From the entries below, please output exactly the lines starting at the one containing "Escavadeira Volvo EC480DL" and ending at the one containing "TESLA MODEL S 2017 - 5YJSA1E22HF205189", both included.

## Dataset content:
::::::::

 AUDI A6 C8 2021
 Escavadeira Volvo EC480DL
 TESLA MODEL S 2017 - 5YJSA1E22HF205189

::::::::

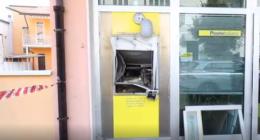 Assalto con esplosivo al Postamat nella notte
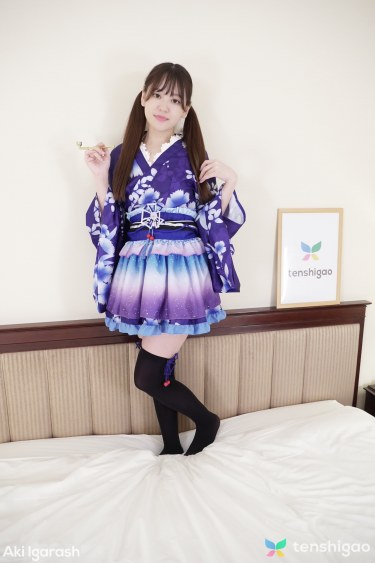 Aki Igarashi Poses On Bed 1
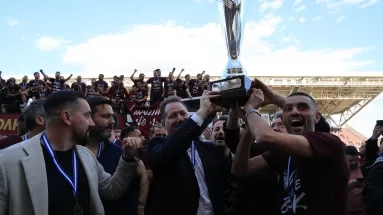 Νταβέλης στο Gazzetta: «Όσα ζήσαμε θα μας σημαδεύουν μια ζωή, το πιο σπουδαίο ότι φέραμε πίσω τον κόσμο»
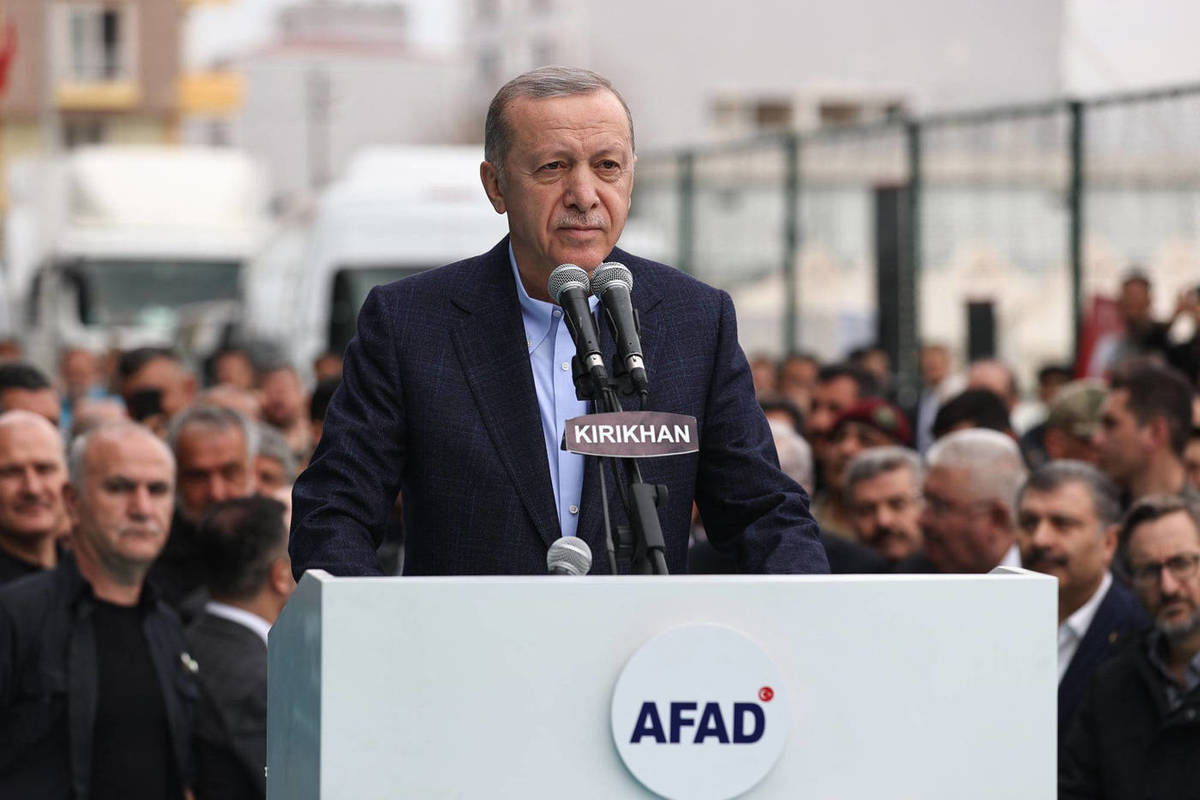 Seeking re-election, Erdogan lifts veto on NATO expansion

::::::::

## Reply to the task:
 Escavadeira Volvo EC480DL
 TESLA MODEL S 2017 - 5YJSA1E22HF205189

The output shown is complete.